Implementing Eventual Consistency
- Can be implemented with two steps:-
- all writes eventually propagate to all replicas
- writes, when they arrive, are written to a log and applied in the same order at all replicas
Therefore consistency does happen (eventually...).
Easily done with timestamps.
Same technique can be applied to separate cloud regions during disaster recovery.
BASE – does it matter?
- Suppose an eBay auction is running fast and furious.
- does every single bidder necessarily see every bid?
- and do they see them in the identical order?
Clearly, everyone needs to see the winning bid.
But slightly different bidding histories shouldn’t hurt much, and if this makes eBay 10x faster, the speed may be worth the slight change in behaviour!
- Upload a YouTube video, then search for it
- you may not see it immediately
- change the “initial frame” (they let you pick)
- update might not be visible for an hour
Access a FaceBook page when your friend says she’s posted a photo from the party
you may see an
- OneDrive/DropBox are examples of one of the first classic cloud applications.

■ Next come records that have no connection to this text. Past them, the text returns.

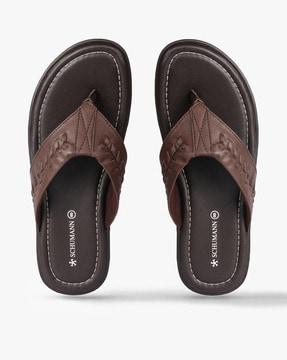 thong-strap chappals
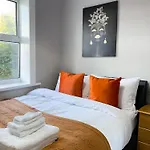 3 Bed House - Free Parking - 10 Minutes To Centre - Perfect For Families, Contractors And Relocators Hébergement de vacances *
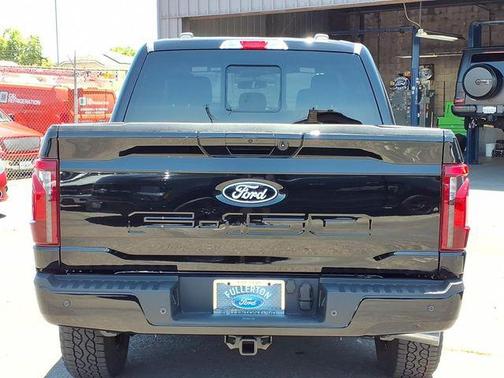 Agate Black Metallic 2026 Ford F-150 XLT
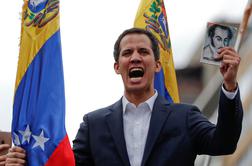 Samooklicani predsednik Venezuele želi na svojo stran pridobiti vojsko #video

- local computers keep local copies of the files
- also support region replication
- you change/create a file locally but OneDrive/DropBox syncs asynchronously
- other local copies will be out of step for a few minutes…
-
ACID in the cloud
Various ways to make ACID transactions run better for cloud deployment.
Sagas: remove need for a distributed transaction by splitting it up into smaller local transactions. An additional set of compensating transactions are implemented to be executed on error conditions to undo the work and rewind.
see: - 🔗 Sagas
Early release: modifications to the 2PC protocol to release locks early. However this may shift a system bottlenecks somewhere else dependent on application behaviour. It may also cause many cascaded aborts.